Five Finger Exercise delivers a knuckle sandwich: Print Room at the Coronet

Saturday 23rd January 2016, matinée

We were intrigued to discover that after several cosy afternoons at the Print Room in its tiny theatre space in Hereford Road, that the founders had decamped to a much more ambitious venue – the former Coronet cinema in Notting Hill Gate.  Would they lose some of the frisson that came from such an intimate space?  Well, the space they have created out of the old cinema building is instantly appealing.  It takes a while to realise that they have used the ground floor as a trendy bar decorated to within an inch of its life with a range of antique props, leaving the circle as a perfectly proportioned mini-theatre.  The old ‘slimline’ wooden chairs are still there, with the rather disturbing addition of a free fleecy blanket each – fortunately the cold spell that must have prompted this addition had moved on by the time we visited.  The distressed state of the building is in fact the beginnings of a restoration project, so make the most of this unique space – it feels exciting even before the action starts.
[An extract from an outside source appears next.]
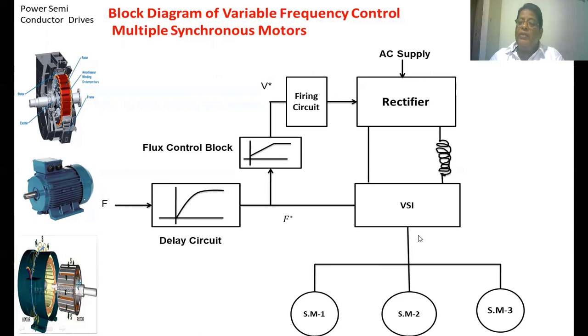The frequency is also controlled from the frequency reference signal. The inductor here is a DC link inductor — it eliminates ripples in the voltage as well as in the DC current. The AC supply is given in, rectified by the phase-controlled rectifier circuit, and the DC output is given to the inverter circuit. The inverter then converts the DC voltage back to AC voltage, which is supplied to the three synchronous motors.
We were already buzzing with anticipation at the thought of experiencing an early Peter Shaffer play, his first major success, ‘Five Finger Exercise’.  Set in the weekend country retreat of the Harringtons, a rustic cottage paid for by Stanley Harrington’s furniture business, and decorated by his wife Louise who despises his vulgar trade and fancies herself as his superior when it comes to taste.  The ‘retreat’ becomes the battleground for well-worn family conflict between the self-made man desperate for a game of golf, the glamorous wife who feels stifled by the lack of culture, a neurotic son, Clive, who is starting to drink too much, and an overly cheerful younger daughter, Pamela, who seems to have hard-won wisdom beyond her years.  Into this mix comes Walter, Pamela’s tutor, with his own terrible history growing up in Germany during the war, for whom the Harringtons seem to be the perfect family.  At first.
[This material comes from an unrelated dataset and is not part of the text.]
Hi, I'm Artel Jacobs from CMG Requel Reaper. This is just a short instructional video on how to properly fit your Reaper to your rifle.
Disturbingly, Shaffer later described this play as ‘semi-autobiographical’, and there is certainly a sense that he had a lot of material to draw on.  On the surface, the play revels in the details of everyday life and the power play contained in the endless trivial rituals. Underneath there is a carefully constructed drama.  Shaffer has said that “Tragedy, for me, is not a conflict between right and wrong, but between two different kinds of right.”  This play certainly has this idea at its centre – there are no heroes or villains here, it is the apparent inability of each character to accept and understand the others that does so much damage.
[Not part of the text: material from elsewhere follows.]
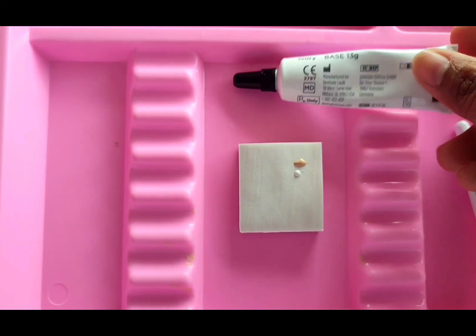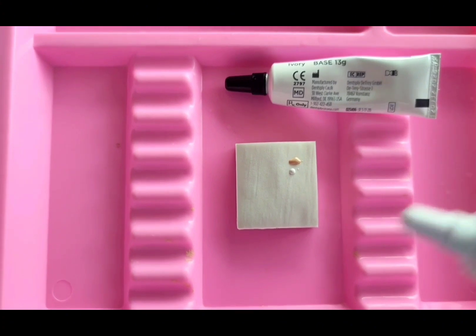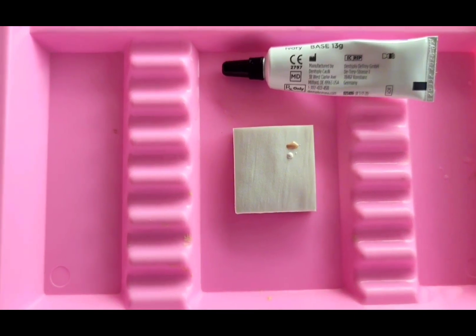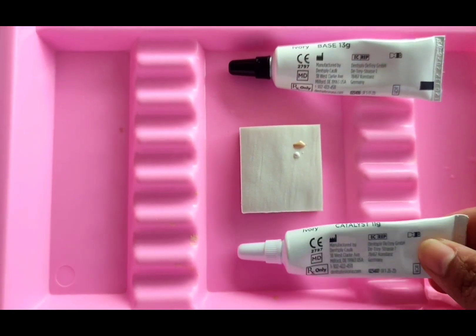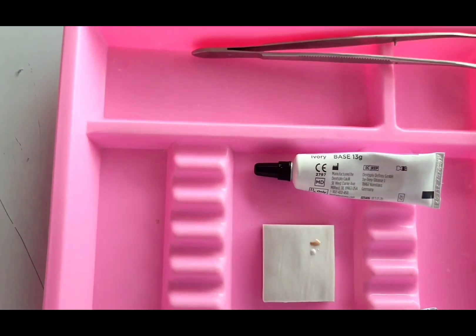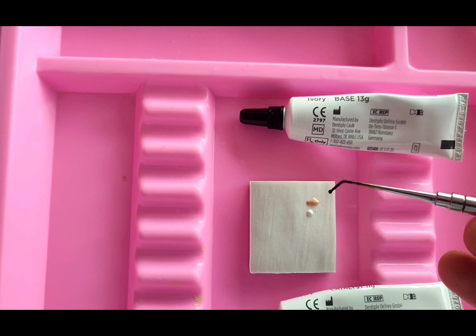The solubility and essentially basic nature of Dycal liner composition requires that it be used only in situations where it can be adequately protected from the oral environment. After the Dycal liner has completely set, cover with cavity varnish, dentin adhesive, or restorative material. For application, use a ball-pointed Dycal liner applicator or similar instrument.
It is easy to see the writing talent that later won such recognition with ‘Amadeus’ and ‘Equus’ – the writing is dense but not stodgy, and packed full of heartfelt emotion, imaginative flights of fancy, and a surprising amount of humour, given the subject matter. Stanley’s strenuous efforts to get his son to live in what he thinks is the real world are by turns humourous and painful, and the sibling banter gives us flashes of happier times. The sense that all the ingredients of happiness are here is palpable, and the failure of the family to find it is the ultimate tragedy.

The cast of five are all excellent, and very well cast in Jamie Glover’s production.  Lucy Cohu brilliantly portrays the matriarch Louise, her brittle emotions made visible in her physicality, and the paper thin veneer of sophistication barely concealing her apparent mission to kill her entire family with kindness.  Jason Merrells as Stanley is the perfect foil, mostly silent with a good line in passive aggression, until even he can see that action is needed.  The deeply hidden frustration of being surrounded by people he literally cannot understand is always beneath the surface.  As Walter, Lorne MacFadyen provides a calm centre and as the outsider, gives us a more detached perspective.  He portrays the depth of his character with a layered, measured performance which draws us in almost imperceptibly.  Tom Morley as Clive physically embodies a sense of overwhelming emotion, spilling out by turns with vitriol, boyish humour, and poetic vision.  It is not easy being the conduit of all the family ills, and he does it with humour and passion.  Terenia Edwards on the other hand makes a bright and breezy Pamela, whose good humour seems inexhaustible, and who at only 15 seems to have the measure of her family and its internal conflict, albeit at the cost of emotional detachment.

This production is a real treat and a chance to sample the early talent of Peter Shaffer, with an excellent cast and skillful, clear direction. Which makes us wonder if it is time for a revival from the other end of Shaffer’s career – his last (or should we say latest?) and sadly underappreciated play ‘The Gift of the Gorgon’.